Molecular dynamics of luteinizing hormone receptors on rat luteal cells.

To better understand the in situ organization of the luteinizing hormone receptor on rat luteal cells, we have examined the molecular motions of this receptor following binding of ovine luteinizing hormone (oLH) or human chorionic gonadotropin (hCG). Fluorescence photobleaching recovery (FPR) measurements of LH receptor lateral diffusion were performed using tetramethylrhodamine isothiocyanate (TRITC)-derivatized oLH or hCG as a probe. These experiments indicate that TRITC-oLH occupied LH receptors on luteal cells obtained from superovulated female rats have a lateral diffusion coefficient D of (1.7 +/- 0.6).10(-10) cm2s-1 at 27 degrees C with fluorescence recovery after photobleaching of 46 +/- 5%. In similar experiments, binding of TRITC-hCG caused a significant decrease in LH receptor lateral diffusion; fluorescence recovery after photobleaching was less than 20%. To determine whether hCG-occupied receptors might exist in large aggregates, we measured the rotational correlation times (RCT) of hCG and oLH bound to the LH receptor on intact cells using single cell polarized fluorescence depletion (PFD).

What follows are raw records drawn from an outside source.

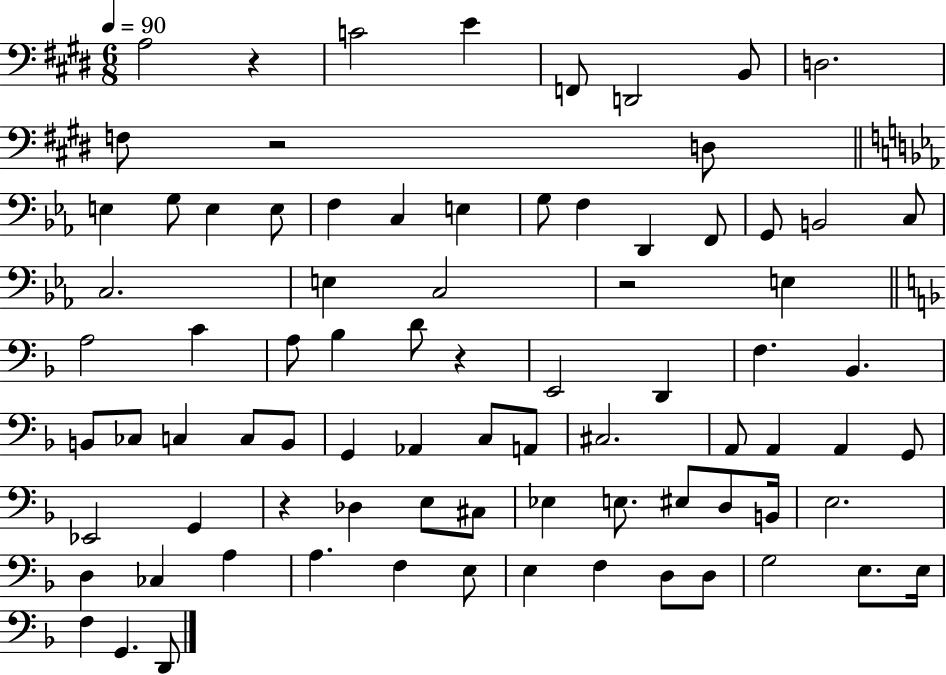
A3/h R/q C4/h E4/q F2/e D2/h B2/e D3/h. F3/e R/h D3/e E3/q G3/e E3/q E3/e F3/q C3/q E3/q G3/e F3/q D2/q F2/e G2/e B2/h C3/e C3/h. E3/q C3/h R/h E3/q A3/h C4/q A3/e Bb3/q D4/e R/q E2/h D2/q F3/q. Bb2/q. B2/e CES3/e C3/q C3/e B2/e G2/q Ab2/q C3/e A2/e C#3/h. A2/e A2/q A2/q G2/e Eb2/h G2/q R/q Db3/q E3/e C#3/e Eb3/q E3/e. EIS3/e D3/e B2/s E3/h. D3/q CES3/q A3/q A3/q. F3/q E3/e E3/q F3/q D3/e D3/e G3/h E3/e. E3/s F3/q G2/q. D2/e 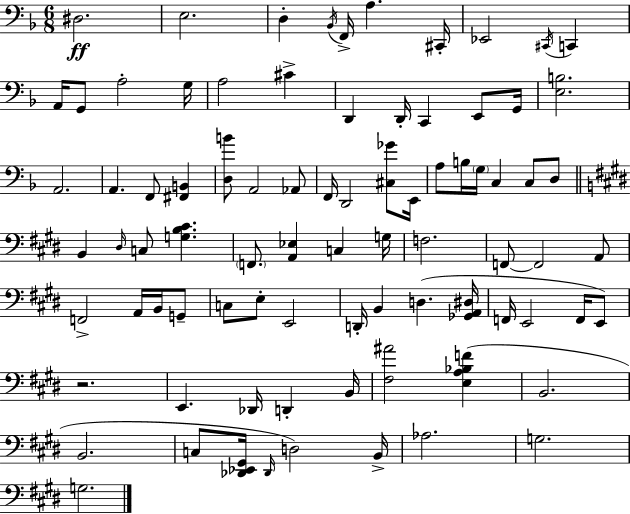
X:1
T:Untitled
M:6/8
L:1/4
K:F
^D,2 E,2 D, _B,,/4 F,,/4 A, ^C,,/4 _E,,2 ^C,,/4 C,, A,,/4 G,,/2 A,2 G,/4 A,2 ^C D,, D,,/4 C,, E,,/2 G,,/4 [E,B,]2 A,,2 A,, F,,/2 [^F,,B,,] [D,B]/2 A,,2 _A,,/2 F,,/4 D,,2 [^C,_G]/2 E,,/4 A,/2 B,/4 G,/4 C, C,/2 D,/2 B,, ^D,/4 C,/2 [G,B,^C] F,,/2 [A,,_E,] C, G,/4 F,2 F,,/2 F,,2 A,,/2 F,,2 A,,/4 B,,/4 G,,/2 C,/2 E,/2 E,,2 D,,/4 B,, D, [_G,,A,,^D,]/4 F,,/4 E,,2 F,,/4 E,,/2 z2 E,, _D,,/4 D,, B,,/4 [^F,^A]2 [E,A,_B,F] B,,2 B,,2 C,/2 [_D,,_E,,^G,,]/4 _D,,/4 D,2 B,,/4 _A,2 G,2 G,2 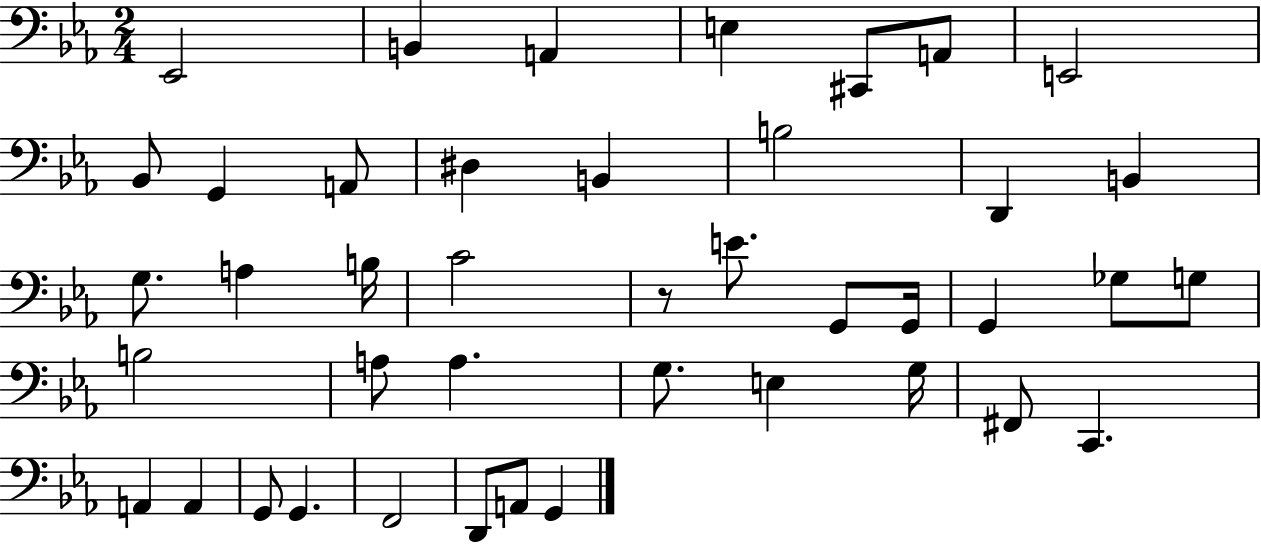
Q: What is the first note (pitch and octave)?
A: Eb2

At 4 degrees C, LH receptors occupied by eosin isothiocyanate (EITC)-hCG exhibited a slower RCT (64 microseconds) than did receptors occupied by EITC-oLH (43 microseconds). At this temperature both TRITC-oLH and TRITC-hCG occupied LH receptors were laterally immobile. These FPR and PFD results suggest that the molecular motions of the luteal cell LH receptor are significantly modulated by the subtle structural differences in various bound gonadotropins.